Task item:
The following data has a line with "Subdelegado de la" and a line with "Pilotenkoffer Mit Rollen". Write out exactly those lines and all the lines between them.

Provided material:
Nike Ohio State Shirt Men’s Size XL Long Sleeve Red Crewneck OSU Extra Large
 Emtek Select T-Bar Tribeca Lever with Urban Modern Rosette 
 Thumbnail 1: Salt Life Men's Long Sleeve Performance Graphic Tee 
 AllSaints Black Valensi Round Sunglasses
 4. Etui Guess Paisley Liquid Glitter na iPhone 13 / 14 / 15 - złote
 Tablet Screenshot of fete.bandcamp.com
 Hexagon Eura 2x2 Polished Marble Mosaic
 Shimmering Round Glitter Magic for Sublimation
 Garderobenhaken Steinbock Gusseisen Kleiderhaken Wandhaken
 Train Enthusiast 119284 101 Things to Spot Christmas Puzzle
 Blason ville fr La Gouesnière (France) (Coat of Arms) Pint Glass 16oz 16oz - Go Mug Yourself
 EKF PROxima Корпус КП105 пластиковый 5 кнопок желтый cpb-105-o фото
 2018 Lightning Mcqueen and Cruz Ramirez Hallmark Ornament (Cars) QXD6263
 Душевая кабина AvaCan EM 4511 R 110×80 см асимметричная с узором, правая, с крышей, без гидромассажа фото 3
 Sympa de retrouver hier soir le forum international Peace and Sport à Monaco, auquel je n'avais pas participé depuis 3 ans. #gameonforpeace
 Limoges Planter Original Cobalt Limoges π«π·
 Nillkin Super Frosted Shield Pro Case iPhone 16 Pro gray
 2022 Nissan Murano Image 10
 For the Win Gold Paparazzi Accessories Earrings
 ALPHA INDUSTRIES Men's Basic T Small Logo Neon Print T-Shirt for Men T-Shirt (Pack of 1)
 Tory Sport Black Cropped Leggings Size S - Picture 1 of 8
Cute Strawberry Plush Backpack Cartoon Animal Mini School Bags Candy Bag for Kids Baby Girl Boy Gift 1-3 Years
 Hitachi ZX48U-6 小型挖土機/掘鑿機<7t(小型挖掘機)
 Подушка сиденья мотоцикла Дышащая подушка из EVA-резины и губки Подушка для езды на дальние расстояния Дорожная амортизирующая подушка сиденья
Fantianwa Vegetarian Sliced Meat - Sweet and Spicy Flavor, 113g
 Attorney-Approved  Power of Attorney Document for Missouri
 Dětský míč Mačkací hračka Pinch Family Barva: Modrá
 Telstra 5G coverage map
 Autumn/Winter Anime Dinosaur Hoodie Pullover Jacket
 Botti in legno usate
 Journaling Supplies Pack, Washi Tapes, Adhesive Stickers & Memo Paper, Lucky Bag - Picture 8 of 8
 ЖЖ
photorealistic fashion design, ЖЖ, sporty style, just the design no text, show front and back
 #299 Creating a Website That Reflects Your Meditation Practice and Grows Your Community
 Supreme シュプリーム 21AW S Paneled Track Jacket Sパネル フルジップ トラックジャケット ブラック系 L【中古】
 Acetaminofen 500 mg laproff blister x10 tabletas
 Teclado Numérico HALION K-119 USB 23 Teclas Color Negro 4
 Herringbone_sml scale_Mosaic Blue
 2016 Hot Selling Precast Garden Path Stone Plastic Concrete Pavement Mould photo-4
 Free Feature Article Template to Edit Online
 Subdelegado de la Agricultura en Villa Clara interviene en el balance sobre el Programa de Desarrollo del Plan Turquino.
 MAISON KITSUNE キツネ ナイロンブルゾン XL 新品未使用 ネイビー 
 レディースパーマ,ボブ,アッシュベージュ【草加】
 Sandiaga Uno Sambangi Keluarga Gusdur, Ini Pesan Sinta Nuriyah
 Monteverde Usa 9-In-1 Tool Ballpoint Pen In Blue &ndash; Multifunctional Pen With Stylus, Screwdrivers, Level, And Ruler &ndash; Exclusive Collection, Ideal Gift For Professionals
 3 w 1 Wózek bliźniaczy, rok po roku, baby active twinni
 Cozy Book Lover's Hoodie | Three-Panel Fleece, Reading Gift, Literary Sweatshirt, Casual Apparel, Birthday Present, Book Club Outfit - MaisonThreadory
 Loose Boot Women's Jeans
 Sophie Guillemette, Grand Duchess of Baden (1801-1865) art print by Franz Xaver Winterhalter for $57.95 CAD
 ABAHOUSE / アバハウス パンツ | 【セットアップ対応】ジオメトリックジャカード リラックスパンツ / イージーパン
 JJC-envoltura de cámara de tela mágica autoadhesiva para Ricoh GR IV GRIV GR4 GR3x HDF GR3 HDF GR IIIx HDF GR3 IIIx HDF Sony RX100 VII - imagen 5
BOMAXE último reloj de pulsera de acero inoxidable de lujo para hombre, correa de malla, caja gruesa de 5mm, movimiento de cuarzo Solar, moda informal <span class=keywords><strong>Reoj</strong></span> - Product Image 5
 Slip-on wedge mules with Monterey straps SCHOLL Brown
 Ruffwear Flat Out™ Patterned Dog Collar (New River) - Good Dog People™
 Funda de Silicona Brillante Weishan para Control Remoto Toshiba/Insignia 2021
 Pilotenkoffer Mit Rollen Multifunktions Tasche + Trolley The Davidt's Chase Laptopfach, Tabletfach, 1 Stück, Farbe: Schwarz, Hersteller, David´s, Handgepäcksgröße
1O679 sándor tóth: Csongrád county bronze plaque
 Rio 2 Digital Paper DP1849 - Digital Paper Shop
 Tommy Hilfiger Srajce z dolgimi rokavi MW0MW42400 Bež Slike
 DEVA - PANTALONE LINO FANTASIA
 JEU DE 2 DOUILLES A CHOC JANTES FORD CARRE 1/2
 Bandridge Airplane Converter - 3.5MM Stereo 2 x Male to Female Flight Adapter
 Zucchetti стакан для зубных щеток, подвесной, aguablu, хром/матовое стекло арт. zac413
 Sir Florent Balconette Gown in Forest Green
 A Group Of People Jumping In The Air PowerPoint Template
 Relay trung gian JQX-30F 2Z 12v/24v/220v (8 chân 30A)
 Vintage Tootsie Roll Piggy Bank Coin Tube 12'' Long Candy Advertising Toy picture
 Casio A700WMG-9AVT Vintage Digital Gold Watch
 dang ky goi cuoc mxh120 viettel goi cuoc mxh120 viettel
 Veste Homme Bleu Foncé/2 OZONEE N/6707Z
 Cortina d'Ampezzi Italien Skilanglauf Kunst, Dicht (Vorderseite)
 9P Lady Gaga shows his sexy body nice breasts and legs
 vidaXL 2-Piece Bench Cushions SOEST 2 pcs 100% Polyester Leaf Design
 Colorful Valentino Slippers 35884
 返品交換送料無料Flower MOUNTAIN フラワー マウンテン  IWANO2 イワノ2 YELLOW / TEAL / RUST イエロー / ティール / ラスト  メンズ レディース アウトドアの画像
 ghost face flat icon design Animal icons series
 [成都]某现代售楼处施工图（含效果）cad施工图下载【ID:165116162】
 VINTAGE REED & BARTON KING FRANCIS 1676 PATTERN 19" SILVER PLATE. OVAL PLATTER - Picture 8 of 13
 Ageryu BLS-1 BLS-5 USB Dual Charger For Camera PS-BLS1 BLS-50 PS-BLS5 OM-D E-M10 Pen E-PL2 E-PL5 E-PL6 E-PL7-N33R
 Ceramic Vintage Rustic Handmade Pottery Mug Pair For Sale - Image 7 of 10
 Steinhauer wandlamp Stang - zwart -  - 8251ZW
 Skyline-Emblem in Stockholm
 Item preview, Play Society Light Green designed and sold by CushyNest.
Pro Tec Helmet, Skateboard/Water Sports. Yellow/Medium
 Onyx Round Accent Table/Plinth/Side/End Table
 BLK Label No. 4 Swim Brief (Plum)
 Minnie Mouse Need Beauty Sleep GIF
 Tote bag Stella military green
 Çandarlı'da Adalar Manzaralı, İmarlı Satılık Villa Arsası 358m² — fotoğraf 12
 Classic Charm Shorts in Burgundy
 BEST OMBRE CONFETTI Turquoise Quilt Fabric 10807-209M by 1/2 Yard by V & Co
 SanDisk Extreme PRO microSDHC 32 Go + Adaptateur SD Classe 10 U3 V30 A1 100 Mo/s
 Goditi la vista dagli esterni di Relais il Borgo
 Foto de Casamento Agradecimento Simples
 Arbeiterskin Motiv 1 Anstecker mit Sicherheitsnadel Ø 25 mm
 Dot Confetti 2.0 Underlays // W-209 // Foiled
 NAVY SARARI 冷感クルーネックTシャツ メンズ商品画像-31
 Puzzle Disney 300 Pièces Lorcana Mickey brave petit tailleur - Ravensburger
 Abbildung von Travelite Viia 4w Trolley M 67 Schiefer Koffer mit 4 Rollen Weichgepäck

Task response:
 Subdelegado de la Agricultura en Villa Clara interviene en el balance sobre el Programa de Desarrollo del Plan Turquino.
 MAISON KITSUNE キツネ ナイロンブルゾン XL 新品未使用 ネイビー 
 レディースパーマ,ボブ,アッシュベージュ【草加】
 Sandiaga Uno Sambangi Keluarga Gusdur, Ini Pesan Sinta Nuriyah
 Monteverde Usa 9-In-1 Tool Ballpoint Pen In Blue &ndash; Multifunctional Pen With Stylus, Screwdrivers, Level, And Ruler &ndash; Exclusive Collection, Ideal Gift For Professionals
 3 w 1 Wózek bliźniaczy, rok po roku, baby active twinni
 Cozy Book Lover's Hoodie | Three-Panel Fleece, Reading Gift, Literary Sweatshirt, Casual Apparel, Birthday Present, Book Club Outfit - MaisonThreadory
 Loose Boot Women's Jeans
 Sophie Guillemette, Grand Duchess of Baden (1801-1865) art print by Franz Xaver Winterhalter for $57.95 CAD
 ABAHOUSE / アバハウス パンツ | 【セットアップ対応】ジオメトリックジャカード リラックスパンツ / イージーパン
 JJC-envoltura de cámara de tela mágica autoadhesiva para Ricoh GR IV GRIV GR4 GR3x HDF GR3 HDF GR IIIx HDF GR3 IIIx HDF Sony RX100 VII - imagen 5
BOMAXE último reloj de pulsera de acero inoxidable de lujo para hombre, correa de malla, caja gruesa de 5mm, movimiento de cuarzo Solar, moda informal <span class=keywords><strong>Reoj</strong></span> - Product Image 5
 Slip-on wedge mules with Monterey straps SCHOLL Brown
 Ruffwear Flat Out™ Patterned Dog Collar (New River) - Good Dog People™
 Funda de Silicona Brillante Weishan para Control Remoto Toshiba/Insignia 2021
 Pilotenkoffer Mit Rollen Multifunktions Tasche + Trolley The Davidt's Chase Laptopfach, Tabletfach, 1 Stück, Farbe: Schwarz, Hersteller, David´s, Handgepäcksgröße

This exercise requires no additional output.